4.2 Hollow electrode technology
During the processing, transportation and storage of ash and carbon materials, about 10-15% of powder will be produced. The hollow electrode technology can be used to utilize the powder, which not only reduces the total coke consumption of calcium carbide per unit product, but also saves electrode paste, which is beneficial to the energy saving of electric furnaces. Hollow electrode technology is a very good energy-saving measure. It must be used in newly built enterprises: In the reformed and expanded enterprises, it is advisable to adopt hollow electrode technology, otherwise the recycling and utilization measures of powder must be considered: 4.3 Gas-burned lime density
In calcium carbide enterprises, the amount of furnace gas used by gas-burned lime kilns and the amount of furnace gas produced by calcium carbide production are basically balanced in theory. Furnace gas, as the fuel for gas-burned lime density, not only saves energy but also eliminates furnace gas pollution. In addition, the quality of gas-burned lime is uniform and the reaction is clean, which can reduce the electric furnace electricity. Therefore, when the new Ci and Zheng expansion, enterprises with conditions should adopt gas-burned lime density to produce lime. When using gas-burned lime density, a high thermal efficiency density should be selected. 4.4 Furnace gas purification technology
The dust content of calcium carbide furnace gas is about 80~150g/m3 (Nm\). In order to benefit the furnace gas, the furnace gas must be purified. The process method of furnace gas purification can be dry or wet. The furnace dust after dry purification and the sewage after wet purification contain CN, which must be treated to meet the requirements of environmental protection. 4.5 Use fine materials to reduce the power loss of impurities and side reactions a
4.5.1 Strictly control the quality of limestone raw materials and ensure the lime quality. In addition to meeting the general requirements of calcium carbide limestone, limestone with CaCO, ≥97% and -MgO ≤0.6% should be selected in places where conditions permit. Measures should be taken to clean up the mud and sand entrained in the limestone. The amount of raw lime burned: gas burning density ≤4%, mixed burning width <6%, and the activity of lime should be increased as much as possible. The qualified rate of lime particle size entering the calcium carbide furnace should be ≥85%, and there should be no visible impurities. The product contains 45,2 preferred coke 2#
Metallurgical coke is the main carbon material for producing calcium carbide. The fixed carbon should be ≥84% and the ash content should be ≤15%. The coke entering the calcium carbide furnace must be dried to make the moisture content ≤1%, and the qualified rate of the coke particle size entering the furnace should be ≥85%. 4.5.3"Improve the structure of carbon materials
Anthracite has high resistance and low price, which can increase the resistance in the furnace and reduce costs. Petroleum coke has high fixed carbon, high resistance and low ash content.

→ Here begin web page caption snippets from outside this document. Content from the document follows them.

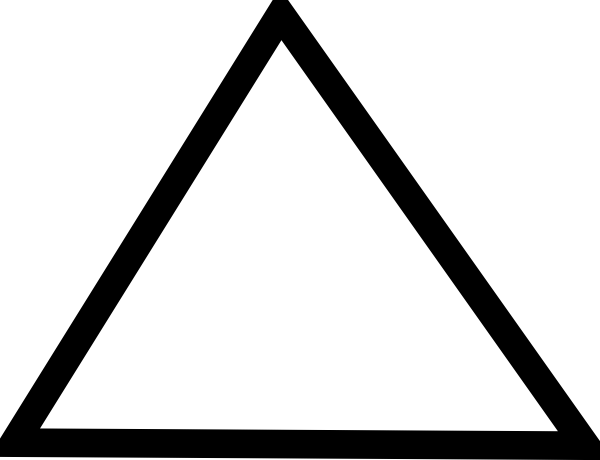 Bleach When Needed Symbol (600x460)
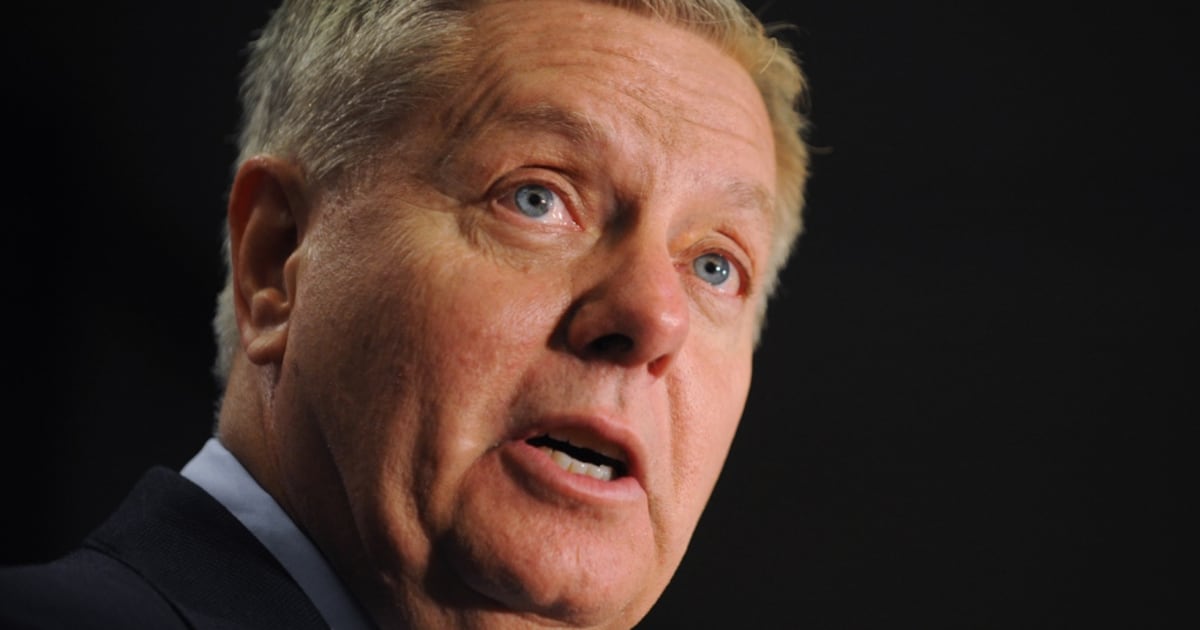 U.S. senator accuses Hamas of consolidating power in Gaza - CTV News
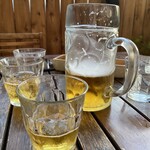 CRAFT＆FARMERS - 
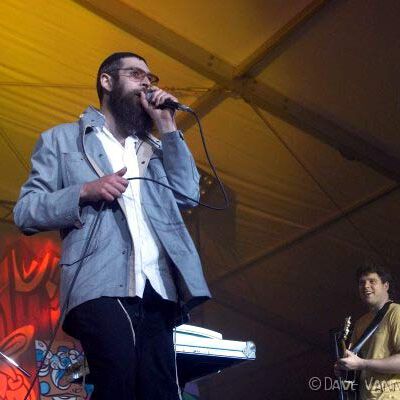 03/10/07 Langerado Music Festival, Sunrise, FL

Where conditions permit, a certain amount of high-quality anthracite or petroleum coke can be added to the carbon material to make the structure of the carbon material more reasonable, so as to increase the resistance in the furnace and reduce power consumption. 4.5.4 Strengthen the management of electrode paste
Page 5
Qualified electrode paste must be used in calcium carbide production, and closed calcium carbide furnaces must use closed electrode pastes. A total of 6 pages
The electrode paste should be placed in a rainproof and dustproof warehouse. After the electrode paste is added to the electrode tube, there should be a movable cover on the top of the electrode tube to prevent dust from falling in.||tt| |4.6 Recovery of waste heat from calcium carbide production
The waste heat that can be utilized in calcium carbide production includes: waste heat from calcium carbide out of the furnace, waste heat from furnace gas, waste heat from cooling water, etc., which can be utilized according to the actual situation of the enterprise
When considering waste heat recovery in the design, a technical and economic evaluation of waste heat recovery should be made. 4.7 Reasonable process and electrical parameters should be selected in the design of calcium carbide furnaces. To improve thermal utilization and reduce power consumption, reasonable main electrical parameters such as secondary voltage, current, voltage ratio, potential gradient, etc. must be selected in the design. Reasonable main process parameters such as electrode diameter, electrode center circle true diameter and furnace diameter must be selected.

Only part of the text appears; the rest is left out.